Task details.
Please restate exactly what appears in the records below from the first line to the line where "Versatile and Stylish" is, that line included.

(Stored dataset items)

_ _ _ _

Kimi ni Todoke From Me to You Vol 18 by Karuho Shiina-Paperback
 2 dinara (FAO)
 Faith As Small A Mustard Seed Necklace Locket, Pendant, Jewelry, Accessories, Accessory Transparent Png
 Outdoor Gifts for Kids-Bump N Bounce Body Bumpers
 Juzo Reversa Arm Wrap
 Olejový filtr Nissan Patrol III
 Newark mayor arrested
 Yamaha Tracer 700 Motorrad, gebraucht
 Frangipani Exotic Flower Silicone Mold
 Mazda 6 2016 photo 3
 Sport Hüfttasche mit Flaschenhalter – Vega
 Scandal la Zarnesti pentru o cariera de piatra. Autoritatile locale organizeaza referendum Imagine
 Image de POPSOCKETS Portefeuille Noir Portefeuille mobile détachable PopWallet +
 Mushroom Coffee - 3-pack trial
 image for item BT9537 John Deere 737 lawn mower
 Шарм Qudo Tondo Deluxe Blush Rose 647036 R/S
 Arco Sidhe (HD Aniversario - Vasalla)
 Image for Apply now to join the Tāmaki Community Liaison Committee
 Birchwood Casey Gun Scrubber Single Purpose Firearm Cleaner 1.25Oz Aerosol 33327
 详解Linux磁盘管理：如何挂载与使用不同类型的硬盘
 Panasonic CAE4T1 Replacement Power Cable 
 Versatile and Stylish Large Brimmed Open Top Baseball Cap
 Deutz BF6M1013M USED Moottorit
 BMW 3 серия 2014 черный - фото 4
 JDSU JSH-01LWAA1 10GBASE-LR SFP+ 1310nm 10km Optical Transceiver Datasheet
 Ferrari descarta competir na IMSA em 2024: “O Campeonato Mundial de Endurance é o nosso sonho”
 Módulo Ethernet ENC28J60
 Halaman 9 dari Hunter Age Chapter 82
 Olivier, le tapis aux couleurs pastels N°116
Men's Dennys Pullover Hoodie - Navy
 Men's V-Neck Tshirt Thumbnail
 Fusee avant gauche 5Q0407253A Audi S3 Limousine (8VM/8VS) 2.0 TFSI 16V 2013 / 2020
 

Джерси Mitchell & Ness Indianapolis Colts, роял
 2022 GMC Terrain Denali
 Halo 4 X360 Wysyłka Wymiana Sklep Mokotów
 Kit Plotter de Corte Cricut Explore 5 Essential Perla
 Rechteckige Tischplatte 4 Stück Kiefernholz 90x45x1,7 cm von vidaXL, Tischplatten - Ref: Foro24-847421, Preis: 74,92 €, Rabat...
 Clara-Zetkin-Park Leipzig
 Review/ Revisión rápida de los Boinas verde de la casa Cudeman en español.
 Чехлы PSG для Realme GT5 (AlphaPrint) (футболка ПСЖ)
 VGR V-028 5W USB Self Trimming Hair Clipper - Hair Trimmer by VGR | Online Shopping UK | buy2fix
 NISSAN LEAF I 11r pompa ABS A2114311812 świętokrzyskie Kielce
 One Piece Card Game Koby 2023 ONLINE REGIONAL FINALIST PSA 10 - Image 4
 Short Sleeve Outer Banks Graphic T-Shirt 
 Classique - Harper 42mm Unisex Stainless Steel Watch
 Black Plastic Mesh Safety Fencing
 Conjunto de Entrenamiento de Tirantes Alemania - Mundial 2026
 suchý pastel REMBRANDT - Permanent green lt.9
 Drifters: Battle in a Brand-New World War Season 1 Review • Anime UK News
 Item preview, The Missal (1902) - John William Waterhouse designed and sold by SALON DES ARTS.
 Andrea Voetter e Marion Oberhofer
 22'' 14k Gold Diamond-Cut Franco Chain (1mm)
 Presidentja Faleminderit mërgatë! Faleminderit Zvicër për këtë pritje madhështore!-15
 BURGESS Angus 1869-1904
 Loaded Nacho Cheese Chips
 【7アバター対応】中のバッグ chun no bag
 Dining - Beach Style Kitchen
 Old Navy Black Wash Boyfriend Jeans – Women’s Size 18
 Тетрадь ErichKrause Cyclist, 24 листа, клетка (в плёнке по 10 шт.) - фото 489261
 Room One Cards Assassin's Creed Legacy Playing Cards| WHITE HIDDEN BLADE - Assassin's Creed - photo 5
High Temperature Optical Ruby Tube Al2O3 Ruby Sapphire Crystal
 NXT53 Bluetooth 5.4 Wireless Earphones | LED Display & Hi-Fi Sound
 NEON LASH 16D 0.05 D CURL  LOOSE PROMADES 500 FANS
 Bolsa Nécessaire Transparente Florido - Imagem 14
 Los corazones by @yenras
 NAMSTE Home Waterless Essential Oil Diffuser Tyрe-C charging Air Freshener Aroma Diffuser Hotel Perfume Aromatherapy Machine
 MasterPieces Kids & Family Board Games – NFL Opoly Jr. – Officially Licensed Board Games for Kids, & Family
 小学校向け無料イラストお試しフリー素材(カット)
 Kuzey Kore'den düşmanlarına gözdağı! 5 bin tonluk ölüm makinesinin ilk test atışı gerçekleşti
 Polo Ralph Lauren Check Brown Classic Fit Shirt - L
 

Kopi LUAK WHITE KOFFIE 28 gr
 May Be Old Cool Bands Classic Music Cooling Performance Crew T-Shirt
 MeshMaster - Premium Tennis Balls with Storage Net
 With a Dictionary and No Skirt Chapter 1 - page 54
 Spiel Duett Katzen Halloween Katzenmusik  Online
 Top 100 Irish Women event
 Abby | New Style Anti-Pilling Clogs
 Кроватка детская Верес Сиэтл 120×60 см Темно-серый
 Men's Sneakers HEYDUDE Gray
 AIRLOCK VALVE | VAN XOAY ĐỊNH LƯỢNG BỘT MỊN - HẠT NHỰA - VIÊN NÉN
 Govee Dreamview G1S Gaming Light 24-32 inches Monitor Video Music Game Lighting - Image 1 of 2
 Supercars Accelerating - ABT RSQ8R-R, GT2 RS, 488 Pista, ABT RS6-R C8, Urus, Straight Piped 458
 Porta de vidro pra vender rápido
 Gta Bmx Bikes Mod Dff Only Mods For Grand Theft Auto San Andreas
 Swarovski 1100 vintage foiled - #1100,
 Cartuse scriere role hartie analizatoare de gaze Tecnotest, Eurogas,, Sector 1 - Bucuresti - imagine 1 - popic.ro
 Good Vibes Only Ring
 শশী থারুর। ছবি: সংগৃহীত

_ _ _ _

Exercise response.
Kimi ni Todoke From Me to You Vol 18 by Karuho Shiina-Paperback
 2 dinara (FAO)
 Faith As Small A Mustard Seed Necklace Locket, Pendant, Jewelry, Accessories, Accessory Transparent Png
 Outdoor Gifts for Kids-Bump N Bounce Body Bumpers
 Juzo Reversa Arm Wrap
 Olejový filtr Nissan Patrol III
 Newark mayor arrested
 Yamaha Tracer 700 Motorrad, gebraucht
 Frangipani Exotic Flower Silicone Mold
 Mazda 6 2016 photo 3
 Sport Hüfttasche mit Flaschenhalter – Vega
 Scandal la Zarnesti pentru o cariera de piatra. Autoritatile locale organizeaza referendum Imagine
 Image de POPSOCKETS Portefeuille Noir Portefeuille mobile détachable PopWallet +
 Mushroom Coffee - 3-pack trial
 image for item BT9537 John Deere 737 lawn mower
 Шарм Qudo Tondo Deluxe Blush Rose 647036 R/S
 Arco Sidhe (HD Aniversario - Vasalla)
 Image for Apply now to join the Tāmaki Community Liaison Committee
 Birchwood Casey Gun Scrubber Single Purpose Firearm Cleaner 1.25Oz Aerosol 33327
 详解Linux磁盘管理：如何挂载与使用不同类型的硬盘
 Panasonic CAE4T1 Replacement Power Cable 
 Versatile and Stylish Large Brimmed Open Top Baseball Cap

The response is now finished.